Un buon luogo per nascondersi, specie di notte, quando scendono le luci della sera. Chiunque può entrare e ripararsi, nello spazio di circa cento metri quadrati. Resta un calendario di diversi anni fa appeso alla parete, a terra un sacchetto di plastica, un marsupio lasciato su una finestra da non si sa chi. Un piccolo cancello e si entra in quello che potrebbe essere un grande parco, dalle premesse importanti, come il recupero dell’ex centrale idroelettrica del Ponte del Diavolo, il laboratorio di recupero dei materiali poveri con l’attivissima Ludoteca del Riuso.

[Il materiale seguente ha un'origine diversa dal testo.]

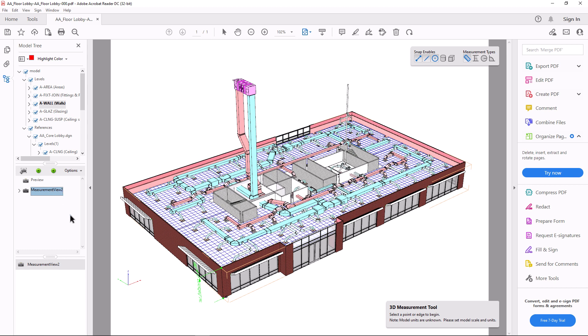We can share such an interactive 3D image with a client or decision maker, and they can review it even without an advanced Beam application installed.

L’altra parte d’accesso è sulla sinistra, si entra con un camminamento pedonale, coperto di legno che inizia a mostrare i segni dell’usura. Il tutto termina con un sistema di vasche, diventate raccoglitori per rifiuti. Basta scendere una scala, che termina con una pianta di fico, che porta al parco fluviale. Il degrado è totale, con scritte e rifiuti. La zona fluviale è ampia oltre 1500 metri, presenta le caratteristiche ambientali e faunistiche legate ad un corso di acqua dolce, con un percorso natura lungo oltre un chilometro, che parte sotto una delle arcate del ponte del Diavolo. Fino al secolo scorso, da queste parti era di casa la lontra
di fiume. Il Cea ha aule didattiche e laboratori che accolgono le scolaresche, pronte a fare esperienza diretta dell’ambiente. A pochi passi si snoda un circuito di archeologia industriale, dall’ex centrale del Littorio, il lavatoio comunale, l’ex conceria Mercorelli, l’ottocentesca conceria Osimani e l’antico Ospedaletto. Pochi passi e dalla porta medievale che si apre sulla città, con l’accesso a via San Nicola, si entra nel cuore più antico di Tolentino e la cattedrale di San Nicola. La zona presenta elementi di interesse turistico, da valorizzare e mettere all’interno di un sistema collegato, per incrementare la fruizione turistica della città di San Nicola.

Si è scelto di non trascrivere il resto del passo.